Sliammon First Nation


Defines the Cost of Doing Business



The Sliammon First Nation is located near Powell River on the Sunshine Coast flanked by the Strait of Georgia to the West and the Coast Mountains to the East. Sliammon has approximately 875 members with 500 living in the village.

Sliammon First Nation first established their Crown Land Referrals Department (SCRLD) as an arm of their treaty research office in 1995. The completion of a Traditional Use Study (TUS) and establishment of a TUS database by the Sliammon Treaty Society (STS) laid the necessary groundwork for Sliammon involvement in the Crown Land Referrals process. Maynard Harry the SCLRD Manager recognised: “With the TUS complete and the GIS department established we recognized that this information needed to be employed.” The TUS database is an integral element to Sliammon’s participation in the Crown Land Referrals process, as it provides Sliammon with a good baseline of information to meaningfully respond to a referral.

The department broke away from the treaty umbrella in late 1999 when Sliammon identified Crown Land Referrals as a Nation issue to be dealt with by Band administration. Sliammon recognized that responding to referrals was draining valuable financial and human resources from the treaty society. The STS was borrowing money to negotiate a treaty not to respond to referrals.
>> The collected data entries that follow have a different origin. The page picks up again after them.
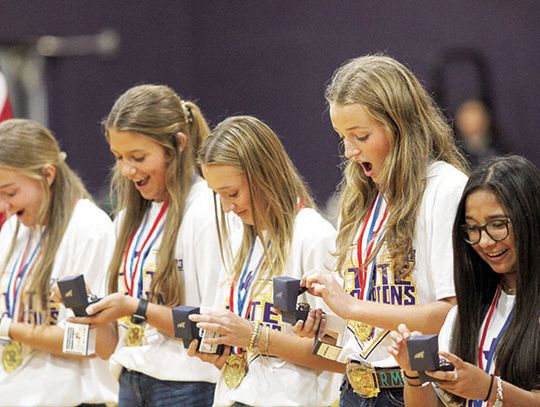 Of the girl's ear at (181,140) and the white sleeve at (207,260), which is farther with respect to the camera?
the girl's ear at (181,140)

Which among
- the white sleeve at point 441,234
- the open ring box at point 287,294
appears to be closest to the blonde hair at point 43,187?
the open ring box at point 287,294

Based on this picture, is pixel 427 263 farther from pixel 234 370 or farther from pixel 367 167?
pixel 234 370

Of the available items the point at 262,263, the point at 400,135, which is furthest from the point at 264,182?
the point at 400,135

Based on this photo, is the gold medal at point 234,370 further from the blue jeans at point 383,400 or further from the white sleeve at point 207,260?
the blue jeans at point 383,400

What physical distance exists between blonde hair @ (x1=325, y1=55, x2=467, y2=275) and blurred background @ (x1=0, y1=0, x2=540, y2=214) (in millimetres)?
4379

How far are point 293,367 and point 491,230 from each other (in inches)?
38.2

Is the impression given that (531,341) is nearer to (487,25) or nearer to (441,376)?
(441,376)

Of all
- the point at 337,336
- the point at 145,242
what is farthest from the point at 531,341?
the point at 145,242

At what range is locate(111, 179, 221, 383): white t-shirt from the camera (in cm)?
413

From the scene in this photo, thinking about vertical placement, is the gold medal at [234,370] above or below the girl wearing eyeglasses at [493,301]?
below

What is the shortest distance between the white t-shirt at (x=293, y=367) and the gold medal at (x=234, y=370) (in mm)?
22

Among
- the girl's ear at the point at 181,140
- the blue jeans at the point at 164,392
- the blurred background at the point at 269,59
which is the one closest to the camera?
the blue jeans at the point at 164,392

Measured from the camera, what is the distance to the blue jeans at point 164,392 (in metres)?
4.12

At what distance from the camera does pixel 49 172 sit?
4688 millimetres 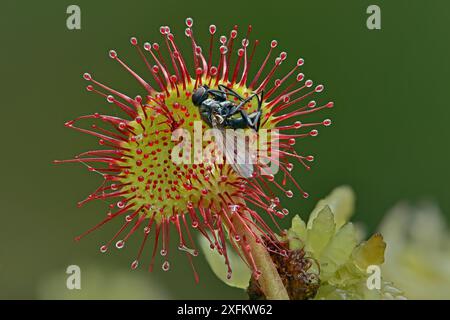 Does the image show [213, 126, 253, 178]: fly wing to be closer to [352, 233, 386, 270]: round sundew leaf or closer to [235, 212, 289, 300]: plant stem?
[235, 212, 289, 300]: plant stem

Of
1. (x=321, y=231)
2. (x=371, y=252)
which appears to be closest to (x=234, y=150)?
(x=321, y=231)

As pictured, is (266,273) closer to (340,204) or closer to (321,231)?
(321,231)

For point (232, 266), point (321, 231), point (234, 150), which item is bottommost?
point (232, 266)

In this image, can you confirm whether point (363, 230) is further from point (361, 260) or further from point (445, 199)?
point (445, 199)

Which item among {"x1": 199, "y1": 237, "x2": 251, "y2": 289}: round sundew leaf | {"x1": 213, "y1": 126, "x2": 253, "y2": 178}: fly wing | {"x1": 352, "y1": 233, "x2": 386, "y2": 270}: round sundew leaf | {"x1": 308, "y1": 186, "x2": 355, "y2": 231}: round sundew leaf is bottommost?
{"x1": 199, "y1": 237, "x2": 251, "y2": 289}: round sundew leaf

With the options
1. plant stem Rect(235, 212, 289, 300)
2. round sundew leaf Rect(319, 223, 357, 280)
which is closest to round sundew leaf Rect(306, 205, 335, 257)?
round sundew leaf Rect(319, 223, 357, 280)

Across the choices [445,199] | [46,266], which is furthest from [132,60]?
[445,199] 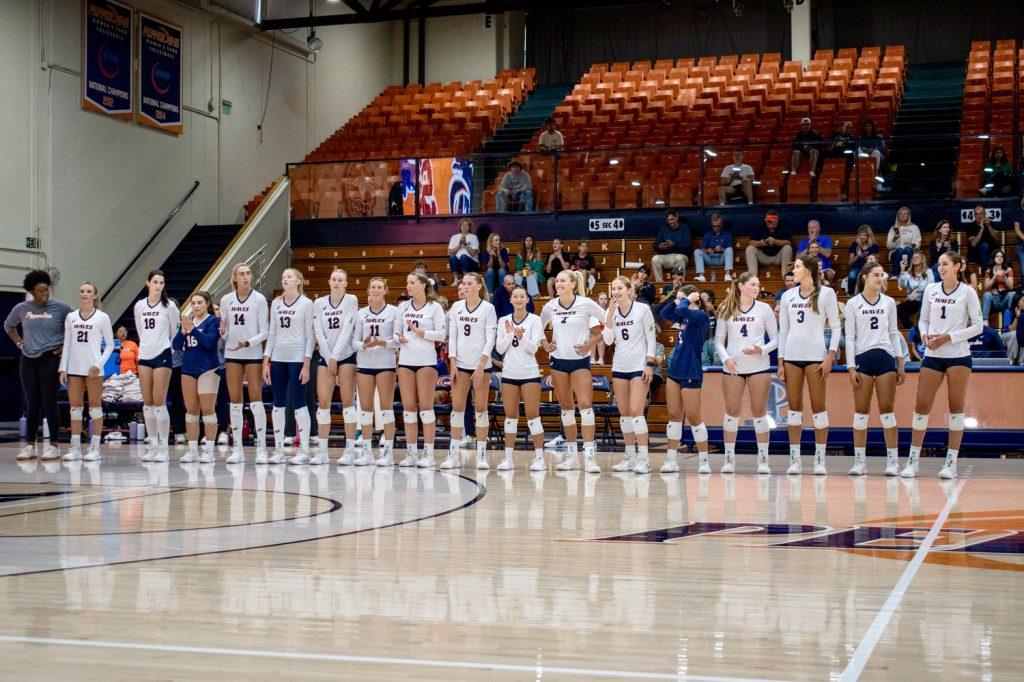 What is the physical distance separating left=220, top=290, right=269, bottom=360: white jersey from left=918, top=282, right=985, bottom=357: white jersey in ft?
20.1

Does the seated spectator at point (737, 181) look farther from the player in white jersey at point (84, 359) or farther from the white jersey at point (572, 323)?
the player in white jersey at point (84, 359)

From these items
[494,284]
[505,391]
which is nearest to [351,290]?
[494,284]

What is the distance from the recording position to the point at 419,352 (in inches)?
420

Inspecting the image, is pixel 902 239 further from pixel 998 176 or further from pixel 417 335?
pixel 417 335

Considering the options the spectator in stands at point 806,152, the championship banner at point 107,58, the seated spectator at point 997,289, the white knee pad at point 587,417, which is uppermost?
the championship banner at point 107,58

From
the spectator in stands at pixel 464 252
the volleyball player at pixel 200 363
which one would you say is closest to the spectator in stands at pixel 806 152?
the spectator in stands at pixel 464 252

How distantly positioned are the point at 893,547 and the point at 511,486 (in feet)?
12.5

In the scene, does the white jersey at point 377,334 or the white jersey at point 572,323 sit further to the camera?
the white jersey at point 377,334

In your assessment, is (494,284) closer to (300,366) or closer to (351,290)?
(351,290)

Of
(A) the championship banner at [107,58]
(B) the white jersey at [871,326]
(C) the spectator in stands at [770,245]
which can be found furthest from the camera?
(A) the championship banner at [107,58]

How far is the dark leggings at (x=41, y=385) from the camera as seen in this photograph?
11805 mm

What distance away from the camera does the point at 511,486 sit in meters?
9.03

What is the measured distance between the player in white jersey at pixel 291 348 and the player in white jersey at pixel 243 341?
0.12m

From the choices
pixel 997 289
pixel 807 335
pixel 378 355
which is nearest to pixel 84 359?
pixel 378 355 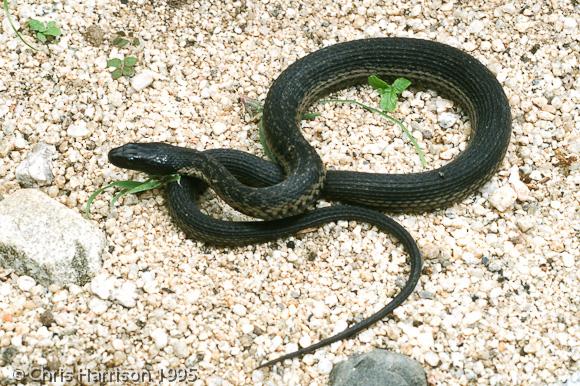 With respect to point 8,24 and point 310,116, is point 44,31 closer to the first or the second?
point 8,24

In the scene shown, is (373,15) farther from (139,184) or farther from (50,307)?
(50,307)

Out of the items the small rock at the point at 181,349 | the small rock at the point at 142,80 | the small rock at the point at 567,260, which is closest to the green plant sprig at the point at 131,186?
the small rock at the point at 142,80

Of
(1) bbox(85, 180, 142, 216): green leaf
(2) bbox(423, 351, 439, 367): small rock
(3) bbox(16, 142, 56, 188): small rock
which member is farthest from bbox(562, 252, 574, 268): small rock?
(3) bbox(16, 142, 56, 188): small rock

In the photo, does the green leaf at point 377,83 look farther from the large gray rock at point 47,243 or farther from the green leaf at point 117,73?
the large gray rock at point 47,243

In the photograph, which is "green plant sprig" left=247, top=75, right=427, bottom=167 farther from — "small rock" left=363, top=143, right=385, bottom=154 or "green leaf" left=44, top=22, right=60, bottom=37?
"green leaf" left=44, top=22, right=60, bottom=37

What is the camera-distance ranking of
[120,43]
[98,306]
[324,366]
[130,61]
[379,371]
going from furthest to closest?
[120,43]
[130,61]
[98,306]
[324,366]
[379,371]

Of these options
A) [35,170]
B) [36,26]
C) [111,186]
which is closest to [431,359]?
[111,186] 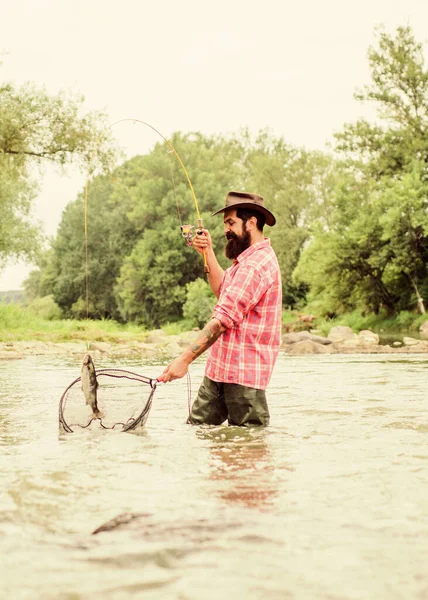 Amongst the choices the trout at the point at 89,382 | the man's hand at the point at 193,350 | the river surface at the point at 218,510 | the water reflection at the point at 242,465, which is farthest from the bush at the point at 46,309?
the man's hand at the point at 193,350

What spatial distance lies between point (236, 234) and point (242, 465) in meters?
1.84

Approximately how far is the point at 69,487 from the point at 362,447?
230cm

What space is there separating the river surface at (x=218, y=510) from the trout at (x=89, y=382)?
283 millimetres

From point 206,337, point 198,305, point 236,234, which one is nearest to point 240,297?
point 206,337

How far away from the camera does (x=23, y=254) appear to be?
119 feet

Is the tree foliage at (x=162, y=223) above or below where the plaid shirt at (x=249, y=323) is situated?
above

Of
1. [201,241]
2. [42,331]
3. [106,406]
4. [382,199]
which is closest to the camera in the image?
[201,241]

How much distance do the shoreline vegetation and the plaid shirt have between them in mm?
13643

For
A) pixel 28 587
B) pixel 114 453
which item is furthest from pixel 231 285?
pixel 28 587

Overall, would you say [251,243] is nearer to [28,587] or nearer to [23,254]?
[28,587]

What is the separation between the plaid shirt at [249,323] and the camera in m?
5.57

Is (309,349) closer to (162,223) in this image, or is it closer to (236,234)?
(236,234)

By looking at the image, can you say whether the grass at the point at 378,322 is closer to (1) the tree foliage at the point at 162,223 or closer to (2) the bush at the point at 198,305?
(2) the bush at the point at 198,305

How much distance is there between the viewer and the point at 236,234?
593 centimetres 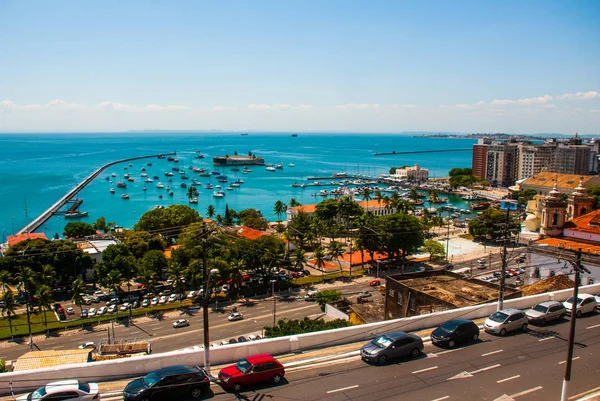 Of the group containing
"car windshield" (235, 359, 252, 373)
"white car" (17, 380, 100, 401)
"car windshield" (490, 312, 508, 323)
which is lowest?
"car windshield" (490, 312, 508, 323)

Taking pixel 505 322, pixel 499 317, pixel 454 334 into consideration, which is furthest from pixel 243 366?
pixel 499 317

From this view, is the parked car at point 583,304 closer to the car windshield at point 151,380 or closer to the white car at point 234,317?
the car windshield at point 151,380

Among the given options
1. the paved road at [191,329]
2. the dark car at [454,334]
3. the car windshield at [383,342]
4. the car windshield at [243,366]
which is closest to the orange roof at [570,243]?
the paved road at [191,329]

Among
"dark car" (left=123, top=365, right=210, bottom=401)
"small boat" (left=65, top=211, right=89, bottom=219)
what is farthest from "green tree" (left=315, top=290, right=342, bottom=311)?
"small boat" (left=65, top=211, right=89, bottom=219)

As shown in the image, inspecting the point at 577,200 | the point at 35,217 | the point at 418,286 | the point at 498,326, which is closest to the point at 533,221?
the point at 577,200

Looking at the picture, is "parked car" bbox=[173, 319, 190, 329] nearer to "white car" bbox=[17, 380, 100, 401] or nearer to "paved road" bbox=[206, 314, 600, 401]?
"paved road" bbox=[206, 314, 600, 401]

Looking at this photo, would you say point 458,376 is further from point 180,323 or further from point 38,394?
point 180,323

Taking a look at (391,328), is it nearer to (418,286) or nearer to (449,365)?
(449,365) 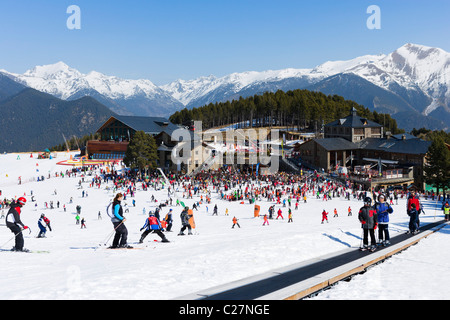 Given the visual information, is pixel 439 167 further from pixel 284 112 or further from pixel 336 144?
pixel 284 112

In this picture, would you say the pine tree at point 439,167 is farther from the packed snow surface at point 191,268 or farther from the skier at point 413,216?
the skier at point 413,216

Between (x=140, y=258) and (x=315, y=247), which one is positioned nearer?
(x=140, y=258)

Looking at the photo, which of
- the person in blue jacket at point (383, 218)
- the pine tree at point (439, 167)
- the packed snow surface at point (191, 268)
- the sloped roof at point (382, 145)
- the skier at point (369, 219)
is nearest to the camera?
the packed snow surface at point (191, 268)

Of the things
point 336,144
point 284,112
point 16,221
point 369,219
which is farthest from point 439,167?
point 284,112

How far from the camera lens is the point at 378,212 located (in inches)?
505

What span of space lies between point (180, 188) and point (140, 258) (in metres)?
36.8

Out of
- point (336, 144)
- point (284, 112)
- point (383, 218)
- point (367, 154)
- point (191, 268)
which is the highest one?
point (284, 112)

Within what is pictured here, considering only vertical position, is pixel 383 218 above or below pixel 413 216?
above

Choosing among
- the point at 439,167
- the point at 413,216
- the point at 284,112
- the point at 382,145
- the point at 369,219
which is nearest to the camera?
the point at 369,219

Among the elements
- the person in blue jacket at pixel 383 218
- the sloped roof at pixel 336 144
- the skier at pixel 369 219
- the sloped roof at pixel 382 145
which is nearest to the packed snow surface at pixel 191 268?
the person in blue jacket at pixel 383 218

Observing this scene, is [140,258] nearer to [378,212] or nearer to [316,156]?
[378,212]

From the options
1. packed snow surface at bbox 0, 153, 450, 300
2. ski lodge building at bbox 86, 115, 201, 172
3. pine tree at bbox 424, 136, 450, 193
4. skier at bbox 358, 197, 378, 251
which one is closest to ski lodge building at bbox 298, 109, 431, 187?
pine tree at bbox 424, 136, 450, 193

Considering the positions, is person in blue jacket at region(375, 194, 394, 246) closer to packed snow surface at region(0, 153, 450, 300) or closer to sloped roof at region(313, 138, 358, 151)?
packed snow surface at region(0, 153, 450, 300)

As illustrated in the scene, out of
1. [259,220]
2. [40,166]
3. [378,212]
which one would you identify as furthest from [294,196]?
[40,166] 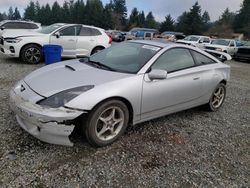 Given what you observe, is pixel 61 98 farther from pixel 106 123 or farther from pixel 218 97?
pixel 218 97

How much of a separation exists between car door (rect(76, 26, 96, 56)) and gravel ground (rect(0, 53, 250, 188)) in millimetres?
5634

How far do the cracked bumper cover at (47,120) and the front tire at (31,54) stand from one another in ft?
20.6

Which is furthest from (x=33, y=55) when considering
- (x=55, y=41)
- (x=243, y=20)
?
(x=243, y=20)

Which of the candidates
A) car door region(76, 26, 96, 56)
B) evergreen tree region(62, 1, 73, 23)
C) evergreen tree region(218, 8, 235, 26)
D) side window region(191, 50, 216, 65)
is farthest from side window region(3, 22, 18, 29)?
evergreen tree region(218, 8, 235, 26)

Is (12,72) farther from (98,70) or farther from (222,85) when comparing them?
(222,85)

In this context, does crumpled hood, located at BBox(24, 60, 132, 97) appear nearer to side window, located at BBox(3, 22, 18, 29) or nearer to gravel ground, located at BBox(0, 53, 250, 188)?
gravel ground, located at BBox(0, 53, 250, 188)

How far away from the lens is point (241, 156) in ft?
11.5

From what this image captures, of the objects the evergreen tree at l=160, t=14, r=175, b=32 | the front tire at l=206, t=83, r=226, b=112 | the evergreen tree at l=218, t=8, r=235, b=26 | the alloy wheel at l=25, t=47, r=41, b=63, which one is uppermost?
the evergreen tree at l=218, t=8, r=235, b=26

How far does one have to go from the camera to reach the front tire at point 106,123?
123 inches

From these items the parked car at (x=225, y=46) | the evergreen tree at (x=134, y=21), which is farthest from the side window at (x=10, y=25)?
Result: the evergreen tree at (x=134, y=21)

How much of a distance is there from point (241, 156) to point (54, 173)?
2.55 metres

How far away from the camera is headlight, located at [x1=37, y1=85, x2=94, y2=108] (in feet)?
9.66

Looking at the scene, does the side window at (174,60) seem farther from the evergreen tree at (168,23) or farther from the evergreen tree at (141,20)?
the evergreen tree at (141,20)

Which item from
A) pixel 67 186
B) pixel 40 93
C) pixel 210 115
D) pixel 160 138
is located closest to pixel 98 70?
pixel 40 93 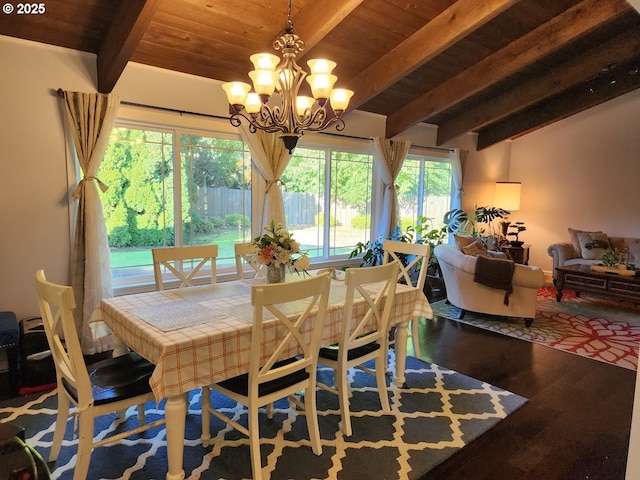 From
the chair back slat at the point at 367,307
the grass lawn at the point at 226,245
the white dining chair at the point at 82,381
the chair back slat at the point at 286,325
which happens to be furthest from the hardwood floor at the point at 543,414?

In moving the SCLRD out of the STS the issue of how to finance the newly independent office became the central problem. Sliammon adopted a two pronged approach to address the immediate financial concern: 1) They negotiated $40,000 of financing from the Ministry of Forests to build infrastructure and support operations and, 2) They adopted a user-pay system. Under the user-pay system, proponents of development on Sliammon traditional territory pay the SCLRD $650 per day administration costs as well as a $375sr./ $150 jr. fieldworker fees to conduct field reconnaissance. It took Sliammon two years of negotiations to achieve a user pay system, and now nearly every forestry company and government agency that Sliammon works with has signed a servicing agreement. Sliammon defines this as the cost of doing business. (sample service agreement)

The SCLRD (now called the Sliammon Crown Land and Resources Referrals Department) has evolved greatly over the past 5 years. In the early day of the process Maynard recalls that: “We were just trying to get to the table, to make contacts, and to slow the process down.” With the adoption of a user pay system Sliammon’s vision had widened: “We need to move out of survival mode and the process of merely reacting to referrals – we are now looking at developing creative solutions that are mutually beneficial as defined by the Delgamuukw decision.”